Paroles de vignerons - Vinparleur - Winzer talk

Früher gab’s mehr Wein: Gebirge

Liebe A.
Die Zeit vergeht schnell, und ich schaffe es erst heute, Dir zu Antworten. Tut mir leid um Deinen abgebrochenen Zahn, ebenso für den Hundehaufen. Ein kleiner Trost: Die Welt ist letztlich nicht untergegangen.


Photo von Alexandre Buisse (Nattfodd)

Ich erinnere mich sehr gut an die träge, warme Sommerluft von der Du sprichst. Aber Du hast Recht, mit dem 2010er habe ich nichts mehr zu tun. Ich habe ihn nicht einmal probiert, schon seit fünf Jahren nicht mehr, und ich beneide Dich fast um die Unbefangenheit, beziehungsweise dem angenehmen Hintergrund, mit dem du diese Flasche entkorken kannst. Zum Glück gibt es aber genug Wein auf der Welt, sodass auch ich angenehme, flüssige Erinnerungen meine Kehle herunter laufen lassen kann. Dabei funktioniert es nicht immer, wie du selber festgestellt hast, man kann auch Enttäuschungen trinken. Beides zeigt jedoch, dass der Geschmack eines Weines nicht nur von Molekülen bestimmt wird. Äußere Umstände, innere Stimmung, Erinnerungen, all das beeinflusst den Wohlgeschmack. Das macht es nicht gerade einfacher, einen Wein „neutral“ zu beurteilen und seinen „Wert“, emotionell oder finanziell, zu bestimmen.

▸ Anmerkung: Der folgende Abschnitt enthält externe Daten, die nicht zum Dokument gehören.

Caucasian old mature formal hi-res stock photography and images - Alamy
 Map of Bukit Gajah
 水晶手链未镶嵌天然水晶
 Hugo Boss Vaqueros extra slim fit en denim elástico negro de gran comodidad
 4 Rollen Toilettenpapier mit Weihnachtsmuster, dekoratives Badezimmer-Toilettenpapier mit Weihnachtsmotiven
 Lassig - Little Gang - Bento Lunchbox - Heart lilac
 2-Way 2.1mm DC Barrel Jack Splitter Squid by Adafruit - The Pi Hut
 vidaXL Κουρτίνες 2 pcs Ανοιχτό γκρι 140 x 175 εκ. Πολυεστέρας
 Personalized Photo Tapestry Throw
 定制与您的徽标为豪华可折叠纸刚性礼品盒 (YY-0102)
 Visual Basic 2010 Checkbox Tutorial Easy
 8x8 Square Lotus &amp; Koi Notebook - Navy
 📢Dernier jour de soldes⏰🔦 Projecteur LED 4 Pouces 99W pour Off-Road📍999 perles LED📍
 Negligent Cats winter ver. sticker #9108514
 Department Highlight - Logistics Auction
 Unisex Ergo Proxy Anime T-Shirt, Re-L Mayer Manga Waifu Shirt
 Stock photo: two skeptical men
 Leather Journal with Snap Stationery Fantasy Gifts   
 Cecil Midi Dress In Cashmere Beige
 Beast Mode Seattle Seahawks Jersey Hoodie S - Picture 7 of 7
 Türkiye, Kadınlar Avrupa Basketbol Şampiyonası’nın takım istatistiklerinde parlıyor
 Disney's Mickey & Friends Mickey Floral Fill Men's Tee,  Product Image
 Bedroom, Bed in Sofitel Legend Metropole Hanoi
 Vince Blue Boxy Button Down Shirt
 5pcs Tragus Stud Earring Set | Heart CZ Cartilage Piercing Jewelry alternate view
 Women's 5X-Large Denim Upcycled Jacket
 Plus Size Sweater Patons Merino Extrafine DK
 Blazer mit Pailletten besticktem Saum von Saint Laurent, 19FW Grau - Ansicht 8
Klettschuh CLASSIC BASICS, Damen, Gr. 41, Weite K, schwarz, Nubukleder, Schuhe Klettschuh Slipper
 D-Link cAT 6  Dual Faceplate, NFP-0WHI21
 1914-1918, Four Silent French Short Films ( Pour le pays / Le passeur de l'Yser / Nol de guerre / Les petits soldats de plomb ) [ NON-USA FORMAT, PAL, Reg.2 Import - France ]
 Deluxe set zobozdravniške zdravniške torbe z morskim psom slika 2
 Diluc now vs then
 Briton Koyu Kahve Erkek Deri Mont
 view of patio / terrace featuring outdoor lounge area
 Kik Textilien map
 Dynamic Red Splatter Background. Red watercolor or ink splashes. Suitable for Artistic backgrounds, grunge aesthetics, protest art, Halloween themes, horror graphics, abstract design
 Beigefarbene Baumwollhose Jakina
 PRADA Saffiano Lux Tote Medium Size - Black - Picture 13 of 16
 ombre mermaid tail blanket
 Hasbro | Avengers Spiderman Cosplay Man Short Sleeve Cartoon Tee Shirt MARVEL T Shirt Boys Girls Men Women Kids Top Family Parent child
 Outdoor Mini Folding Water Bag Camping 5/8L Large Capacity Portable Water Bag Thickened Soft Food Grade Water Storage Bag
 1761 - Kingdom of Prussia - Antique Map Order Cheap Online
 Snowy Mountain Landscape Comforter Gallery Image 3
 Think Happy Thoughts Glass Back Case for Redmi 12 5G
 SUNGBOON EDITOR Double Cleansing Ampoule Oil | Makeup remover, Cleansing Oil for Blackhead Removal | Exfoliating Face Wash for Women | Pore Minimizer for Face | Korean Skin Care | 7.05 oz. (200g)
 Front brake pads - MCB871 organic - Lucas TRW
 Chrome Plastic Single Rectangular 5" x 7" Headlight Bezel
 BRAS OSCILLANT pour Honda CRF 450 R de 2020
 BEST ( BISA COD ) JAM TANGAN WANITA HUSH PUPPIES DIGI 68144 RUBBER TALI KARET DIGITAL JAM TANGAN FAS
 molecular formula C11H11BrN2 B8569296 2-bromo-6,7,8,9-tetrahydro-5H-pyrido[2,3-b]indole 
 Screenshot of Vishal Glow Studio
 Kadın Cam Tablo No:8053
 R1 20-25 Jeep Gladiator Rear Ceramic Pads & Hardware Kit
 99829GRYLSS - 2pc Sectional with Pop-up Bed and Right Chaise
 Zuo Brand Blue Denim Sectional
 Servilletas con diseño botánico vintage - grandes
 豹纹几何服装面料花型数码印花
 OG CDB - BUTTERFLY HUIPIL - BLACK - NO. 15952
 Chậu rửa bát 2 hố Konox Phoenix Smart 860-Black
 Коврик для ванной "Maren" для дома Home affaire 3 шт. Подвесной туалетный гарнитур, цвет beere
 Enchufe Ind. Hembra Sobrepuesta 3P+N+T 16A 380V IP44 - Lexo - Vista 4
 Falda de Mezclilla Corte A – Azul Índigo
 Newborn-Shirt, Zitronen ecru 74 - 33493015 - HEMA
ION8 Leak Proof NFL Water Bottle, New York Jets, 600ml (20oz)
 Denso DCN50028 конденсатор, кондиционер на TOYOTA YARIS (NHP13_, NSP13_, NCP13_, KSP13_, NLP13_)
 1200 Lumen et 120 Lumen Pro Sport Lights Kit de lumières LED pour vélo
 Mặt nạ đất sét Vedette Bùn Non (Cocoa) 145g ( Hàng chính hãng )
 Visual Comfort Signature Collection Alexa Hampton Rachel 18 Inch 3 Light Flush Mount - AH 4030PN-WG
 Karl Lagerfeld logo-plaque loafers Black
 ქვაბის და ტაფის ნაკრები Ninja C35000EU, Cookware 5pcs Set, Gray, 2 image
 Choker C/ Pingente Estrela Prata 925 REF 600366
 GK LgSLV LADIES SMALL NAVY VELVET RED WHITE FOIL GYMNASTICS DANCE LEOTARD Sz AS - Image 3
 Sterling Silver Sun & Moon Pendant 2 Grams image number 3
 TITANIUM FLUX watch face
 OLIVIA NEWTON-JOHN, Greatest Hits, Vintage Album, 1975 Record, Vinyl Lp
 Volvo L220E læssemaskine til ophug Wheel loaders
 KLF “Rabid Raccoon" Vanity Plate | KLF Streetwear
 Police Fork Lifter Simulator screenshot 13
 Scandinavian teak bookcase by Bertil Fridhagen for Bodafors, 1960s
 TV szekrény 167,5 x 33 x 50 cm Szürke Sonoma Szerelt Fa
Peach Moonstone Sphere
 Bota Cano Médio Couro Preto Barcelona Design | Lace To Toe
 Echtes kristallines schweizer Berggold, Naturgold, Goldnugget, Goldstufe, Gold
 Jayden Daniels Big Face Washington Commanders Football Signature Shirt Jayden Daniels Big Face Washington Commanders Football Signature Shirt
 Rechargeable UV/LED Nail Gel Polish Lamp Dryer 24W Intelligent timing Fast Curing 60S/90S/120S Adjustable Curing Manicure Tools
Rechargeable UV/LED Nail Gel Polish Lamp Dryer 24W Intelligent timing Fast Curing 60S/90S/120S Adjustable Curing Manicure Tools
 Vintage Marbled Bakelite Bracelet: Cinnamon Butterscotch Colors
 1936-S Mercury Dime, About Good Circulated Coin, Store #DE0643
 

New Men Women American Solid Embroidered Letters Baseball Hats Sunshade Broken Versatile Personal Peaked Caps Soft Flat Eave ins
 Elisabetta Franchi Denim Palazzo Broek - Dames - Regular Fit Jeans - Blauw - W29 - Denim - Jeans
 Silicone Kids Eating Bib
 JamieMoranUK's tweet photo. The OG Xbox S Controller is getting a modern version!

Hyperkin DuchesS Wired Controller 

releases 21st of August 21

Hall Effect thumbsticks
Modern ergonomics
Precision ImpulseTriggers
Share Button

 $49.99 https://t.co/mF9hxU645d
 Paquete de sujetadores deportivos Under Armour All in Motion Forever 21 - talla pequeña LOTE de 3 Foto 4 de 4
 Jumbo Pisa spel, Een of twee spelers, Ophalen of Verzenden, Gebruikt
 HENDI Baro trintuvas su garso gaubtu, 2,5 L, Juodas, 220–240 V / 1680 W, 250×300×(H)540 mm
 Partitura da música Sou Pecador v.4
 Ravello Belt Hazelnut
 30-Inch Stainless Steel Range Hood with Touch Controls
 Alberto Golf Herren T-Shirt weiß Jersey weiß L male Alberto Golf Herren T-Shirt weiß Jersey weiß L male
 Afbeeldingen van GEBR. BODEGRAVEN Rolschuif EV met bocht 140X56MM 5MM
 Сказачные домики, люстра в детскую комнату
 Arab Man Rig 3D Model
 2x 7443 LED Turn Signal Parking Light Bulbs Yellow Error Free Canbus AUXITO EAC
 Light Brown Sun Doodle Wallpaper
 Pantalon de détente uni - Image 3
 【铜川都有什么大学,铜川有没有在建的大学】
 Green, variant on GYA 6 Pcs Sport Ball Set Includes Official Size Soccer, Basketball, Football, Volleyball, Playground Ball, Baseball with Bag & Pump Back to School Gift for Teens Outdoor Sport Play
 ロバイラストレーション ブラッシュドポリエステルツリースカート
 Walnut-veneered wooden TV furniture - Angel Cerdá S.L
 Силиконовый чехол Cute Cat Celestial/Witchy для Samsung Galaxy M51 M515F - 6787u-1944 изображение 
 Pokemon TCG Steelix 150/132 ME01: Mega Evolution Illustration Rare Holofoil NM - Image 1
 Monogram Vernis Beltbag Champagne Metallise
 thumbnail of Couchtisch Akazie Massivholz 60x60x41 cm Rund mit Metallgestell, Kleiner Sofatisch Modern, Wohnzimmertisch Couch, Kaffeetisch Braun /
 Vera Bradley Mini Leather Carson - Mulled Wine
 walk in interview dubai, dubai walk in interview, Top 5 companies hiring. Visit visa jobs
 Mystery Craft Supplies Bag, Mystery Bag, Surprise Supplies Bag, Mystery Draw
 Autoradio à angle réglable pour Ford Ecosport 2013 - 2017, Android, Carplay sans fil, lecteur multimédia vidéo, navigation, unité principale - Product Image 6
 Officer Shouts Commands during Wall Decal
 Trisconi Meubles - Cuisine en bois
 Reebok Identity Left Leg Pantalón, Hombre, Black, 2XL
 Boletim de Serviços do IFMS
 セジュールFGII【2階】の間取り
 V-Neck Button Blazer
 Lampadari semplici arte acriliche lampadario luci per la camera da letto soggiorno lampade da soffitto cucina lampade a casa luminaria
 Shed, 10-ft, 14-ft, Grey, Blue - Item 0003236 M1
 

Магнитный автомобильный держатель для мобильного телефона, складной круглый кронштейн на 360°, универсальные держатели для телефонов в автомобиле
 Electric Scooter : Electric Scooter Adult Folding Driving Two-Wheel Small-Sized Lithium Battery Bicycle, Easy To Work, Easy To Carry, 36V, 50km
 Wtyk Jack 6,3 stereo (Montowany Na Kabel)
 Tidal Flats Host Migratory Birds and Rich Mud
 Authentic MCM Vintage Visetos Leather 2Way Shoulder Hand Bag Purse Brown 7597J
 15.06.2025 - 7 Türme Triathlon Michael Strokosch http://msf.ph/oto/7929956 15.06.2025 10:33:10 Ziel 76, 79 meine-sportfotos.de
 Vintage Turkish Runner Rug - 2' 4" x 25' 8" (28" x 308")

Sollte also die ganze Arbeit der Journalisten, Sommeliers und Œnologen, die unermüdlich über Wein schreiben und reden für die Katz sein, Weinkurse Blödsinn und Verkostungen verlorene Zeit? Solange man mit besten Freunden und geliebter Familie im Urlaub ist schmeckt jeder Wein? Arbeitsstress, Novemberwetter und unbekannte Menschen killen jeden Grand Cru? Weder noch. Denn zum Glück hat der Wein auch noch sein Wörtchen zu sagen und das kann zu seinem Vorteil oder Nachteil sein...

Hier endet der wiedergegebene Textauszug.